*The data*.
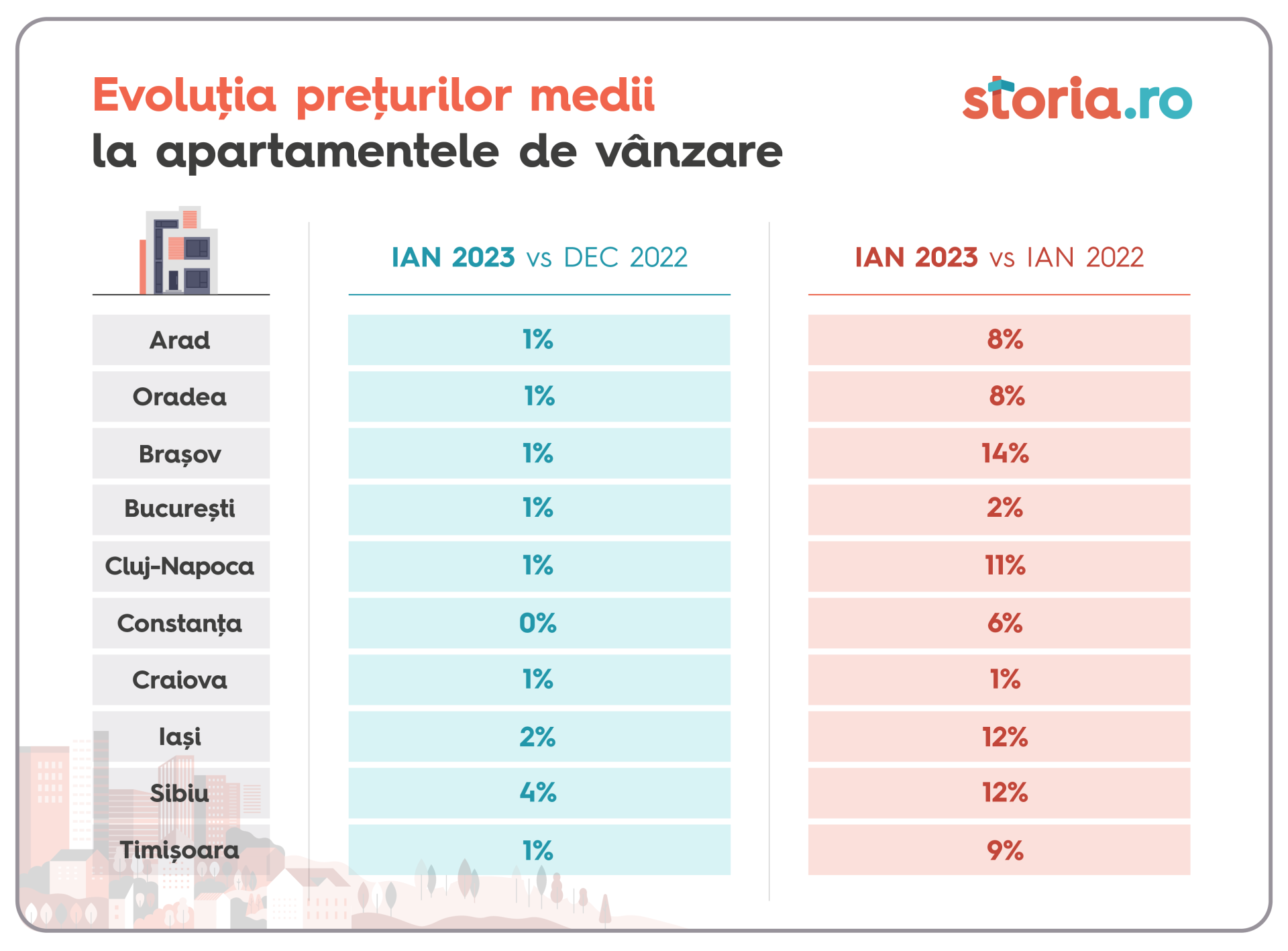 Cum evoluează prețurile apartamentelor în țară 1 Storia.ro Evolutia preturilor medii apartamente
* * *
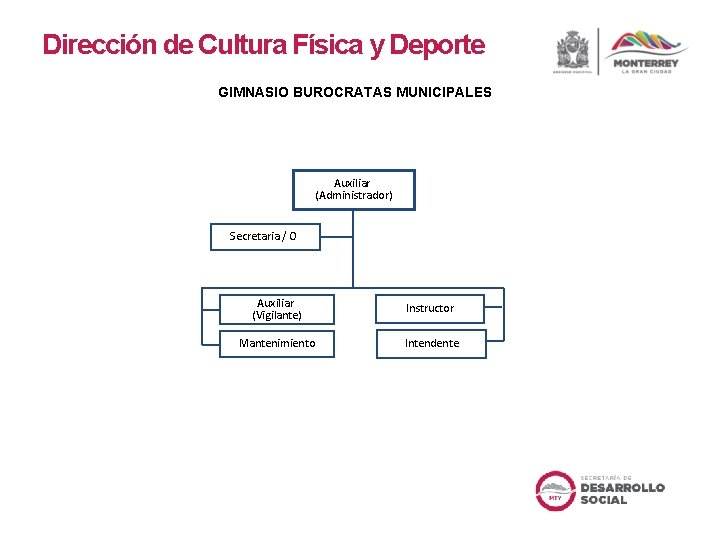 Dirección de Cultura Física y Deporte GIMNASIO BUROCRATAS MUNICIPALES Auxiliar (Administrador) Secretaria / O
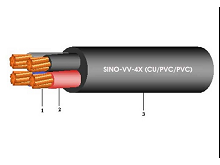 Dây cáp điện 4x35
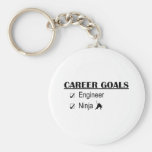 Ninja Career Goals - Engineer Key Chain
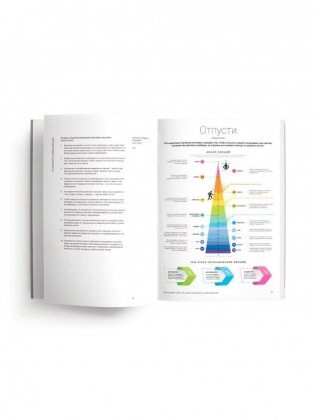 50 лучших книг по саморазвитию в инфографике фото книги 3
==
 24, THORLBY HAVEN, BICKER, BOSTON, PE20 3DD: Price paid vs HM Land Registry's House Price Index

*Exercise brief*. Would you please repeat only the lines above, beginning at the one that has "Ninja Career Goals - Engineer Key Chain" and stopping after the one that has "50 лучших книг", exactly and with no pictures?

*Expected answer*.
 Ninja Career Goals - Engineer Key Chain
 50 лучших книг по саморазвитию в инфографике фото книги 3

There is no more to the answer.